I cani e i lupi. Un tour d’autore fra gli stand di Artissima
L'idea di questa mostra virtuale, la terza dopo le due “deviazioni” realizzate per ArtVerona 2013, proviene dall'ultimo romanzo di Irène Némirovsky, scrittrice francese di origini ucraine ed ebraiche, intitolato “Les chiens et les loups”, pubblicato a Parigi nel 1940. Una selezione curata da Veronica Liotti e Stefano Franchini.

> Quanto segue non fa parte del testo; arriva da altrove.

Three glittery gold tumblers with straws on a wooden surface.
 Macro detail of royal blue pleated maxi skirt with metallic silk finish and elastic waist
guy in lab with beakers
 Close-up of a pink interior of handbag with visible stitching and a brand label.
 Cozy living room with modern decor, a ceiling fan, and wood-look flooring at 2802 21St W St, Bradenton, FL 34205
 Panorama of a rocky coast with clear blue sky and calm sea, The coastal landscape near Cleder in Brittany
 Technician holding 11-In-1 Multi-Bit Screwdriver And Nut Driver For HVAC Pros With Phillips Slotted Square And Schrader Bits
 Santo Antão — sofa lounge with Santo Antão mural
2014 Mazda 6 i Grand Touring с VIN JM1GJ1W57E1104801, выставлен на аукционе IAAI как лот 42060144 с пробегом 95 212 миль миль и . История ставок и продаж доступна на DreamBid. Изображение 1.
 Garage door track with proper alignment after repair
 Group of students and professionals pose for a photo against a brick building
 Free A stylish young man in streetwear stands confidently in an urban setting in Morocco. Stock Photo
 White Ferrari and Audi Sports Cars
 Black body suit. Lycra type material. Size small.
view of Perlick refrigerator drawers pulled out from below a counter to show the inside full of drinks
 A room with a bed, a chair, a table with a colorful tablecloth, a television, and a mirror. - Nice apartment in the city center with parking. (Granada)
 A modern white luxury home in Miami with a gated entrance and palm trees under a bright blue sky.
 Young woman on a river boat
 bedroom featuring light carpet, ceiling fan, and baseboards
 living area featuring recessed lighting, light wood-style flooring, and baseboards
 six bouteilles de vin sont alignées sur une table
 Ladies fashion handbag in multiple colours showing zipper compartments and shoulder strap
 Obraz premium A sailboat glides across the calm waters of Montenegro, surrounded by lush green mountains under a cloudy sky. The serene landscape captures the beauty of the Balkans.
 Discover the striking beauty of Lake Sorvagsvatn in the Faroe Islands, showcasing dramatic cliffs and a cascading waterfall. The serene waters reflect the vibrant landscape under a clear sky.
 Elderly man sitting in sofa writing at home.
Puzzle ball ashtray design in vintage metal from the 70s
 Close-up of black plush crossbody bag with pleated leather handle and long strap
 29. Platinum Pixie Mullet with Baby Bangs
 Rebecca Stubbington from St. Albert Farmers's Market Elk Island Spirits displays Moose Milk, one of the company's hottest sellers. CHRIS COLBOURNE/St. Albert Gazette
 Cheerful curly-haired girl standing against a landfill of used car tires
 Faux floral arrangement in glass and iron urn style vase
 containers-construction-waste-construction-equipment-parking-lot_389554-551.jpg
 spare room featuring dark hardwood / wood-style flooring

Con ispirata eleganza e acume psicologico, in Les chiens et les loups Irène Némirovsky delinea due tipologie umane classiche, profondamente affini e insieme radicalmente diverse: il cane domestico, obbediente, fedele, mansueto, protettivo, e il lupo selvatico, indipendente, violento, inaffidabile, aggressivo. “Harry”, scrive Némirovsky, “alzò gli occhi e riconobbe la bambina intravista due anni prima, la bambina scarmigliata, sudicia di polvere, con le mani graffiate, che era saltata fuori da un mondo spaventoso, ripugnante, un mondo di sudore, di sporcizia e di sangue, così lontano da lui eppure, in un certo modo misterioso e temibile, a lui affine. Gli si rizzarono i capelli in testa, come a un cagnolino, ben nutrito e curato, che sente nella foresta l’ululato famelico dei lupi, i suoi fratelli selvaggi. Indietreggiò di scatto. […] Ai suoi occhi non rappresentava tanto la povertà, quanto – ed era questo a farlo tremare davanti a lei – la disgrazia, una disgrazia stranamente e sinistramente contagiosa, come può esserlo una malattia”. Questi timori tipicamente “borghesi”, questo impasto emotivo di angoscia e attrazione, negazione e fascinazione di fronte alla natura selvaggia e al suo potere seducente, trova una sorta d’icona perenne negli occhi della ragazzina palermitana immortalata da Letizia Battaglia nel 1980, nella quale vorremmo vedere incarnata la piccola Ada del romanzo.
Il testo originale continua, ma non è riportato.